## Task prompt:
From the data below, retype exactly the lines starting with the one that contains "Cold Toned Flower" and ending with the one that contains "Sperry Leather Mules", both included.

☆ ☆ ☆ ☆

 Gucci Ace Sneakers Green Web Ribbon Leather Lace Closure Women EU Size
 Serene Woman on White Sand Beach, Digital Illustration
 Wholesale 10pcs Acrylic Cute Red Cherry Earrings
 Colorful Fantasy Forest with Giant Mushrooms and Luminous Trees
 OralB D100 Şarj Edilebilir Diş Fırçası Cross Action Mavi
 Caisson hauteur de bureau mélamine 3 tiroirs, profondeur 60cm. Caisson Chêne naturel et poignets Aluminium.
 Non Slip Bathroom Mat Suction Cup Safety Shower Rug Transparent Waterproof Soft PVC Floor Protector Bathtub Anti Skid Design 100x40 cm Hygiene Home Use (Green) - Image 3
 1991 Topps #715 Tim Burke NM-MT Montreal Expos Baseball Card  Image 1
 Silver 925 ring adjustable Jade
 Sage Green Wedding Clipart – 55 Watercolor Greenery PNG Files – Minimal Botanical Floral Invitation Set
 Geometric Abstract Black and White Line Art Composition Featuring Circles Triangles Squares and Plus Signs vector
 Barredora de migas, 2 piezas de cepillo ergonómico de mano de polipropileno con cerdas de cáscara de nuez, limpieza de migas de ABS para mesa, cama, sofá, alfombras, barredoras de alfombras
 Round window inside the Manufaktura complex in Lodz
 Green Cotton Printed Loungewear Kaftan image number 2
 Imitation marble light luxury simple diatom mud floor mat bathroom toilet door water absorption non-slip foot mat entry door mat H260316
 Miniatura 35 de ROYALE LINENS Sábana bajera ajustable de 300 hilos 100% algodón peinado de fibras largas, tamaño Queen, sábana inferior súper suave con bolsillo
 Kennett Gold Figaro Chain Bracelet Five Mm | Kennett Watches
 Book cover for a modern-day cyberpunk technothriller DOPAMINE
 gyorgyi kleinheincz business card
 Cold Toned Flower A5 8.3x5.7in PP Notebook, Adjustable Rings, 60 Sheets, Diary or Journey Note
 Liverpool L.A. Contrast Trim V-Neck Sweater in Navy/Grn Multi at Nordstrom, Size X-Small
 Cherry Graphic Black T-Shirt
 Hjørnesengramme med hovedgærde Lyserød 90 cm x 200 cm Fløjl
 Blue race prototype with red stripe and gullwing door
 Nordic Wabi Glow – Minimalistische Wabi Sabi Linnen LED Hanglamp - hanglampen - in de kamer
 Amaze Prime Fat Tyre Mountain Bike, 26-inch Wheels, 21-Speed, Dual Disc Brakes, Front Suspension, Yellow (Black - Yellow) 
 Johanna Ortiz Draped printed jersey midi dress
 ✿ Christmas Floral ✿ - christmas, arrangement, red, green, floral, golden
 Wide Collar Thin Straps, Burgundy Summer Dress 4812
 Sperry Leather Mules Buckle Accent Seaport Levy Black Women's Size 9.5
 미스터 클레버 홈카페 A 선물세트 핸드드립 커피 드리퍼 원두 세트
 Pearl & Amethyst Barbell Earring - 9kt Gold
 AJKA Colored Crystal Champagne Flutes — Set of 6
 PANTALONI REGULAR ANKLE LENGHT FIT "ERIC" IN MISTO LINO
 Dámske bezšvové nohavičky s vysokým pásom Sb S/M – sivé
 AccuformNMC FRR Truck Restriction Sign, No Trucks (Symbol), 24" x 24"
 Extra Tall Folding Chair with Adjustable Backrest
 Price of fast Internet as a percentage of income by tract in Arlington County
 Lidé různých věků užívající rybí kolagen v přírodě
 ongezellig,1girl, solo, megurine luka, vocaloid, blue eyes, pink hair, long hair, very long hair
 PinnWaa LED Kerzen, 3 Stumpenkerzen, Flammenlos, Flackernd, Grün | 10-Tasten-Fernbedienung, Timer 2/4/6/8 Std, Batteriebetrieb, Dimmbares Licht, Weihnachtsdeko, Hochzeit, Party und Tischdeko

☆ ☆ ☆ ☆

## Written response:
 Cold Toned Flower A5 8.3x5.7in PP Notebook, Adjustable Rings, 60 Sheets, Diary or Journey Note
 Liverpool L.A. Contrast Trim V-Neck Sweater in Navy/Grn Multi at Nordstrom, Size X-Small
 Cherry Graphic Black T-Shirt
 Hjørnesengramme med hovedgærde Lyserød 90 cm x 200 cm Fløjl
 Blue race prototype with red stripe and gullwing door
 Nordic Wabi Glow – Minimalistische Wabi Sabi Linnen LED Hanglamp - hanglampen - in de kamer
 Amaze Prime Fat Tyre Mountain Bike, 26-inch Wheels, 21-Speed, Dual Disc Brakes, Front Suspension, Yellow (Black - Yellow) 
 Johanna Ortiz Draped printed jersey midi dress
 ✿ Christmas Floral ✿ - christmas, arrangement, red, green, floral, golden
 Wide Collar Thin Straps, Burgundy Summer Dress 4812
 Sperry Leather Mules Buckle Accent Seaport Levy Black Women's Size 9.5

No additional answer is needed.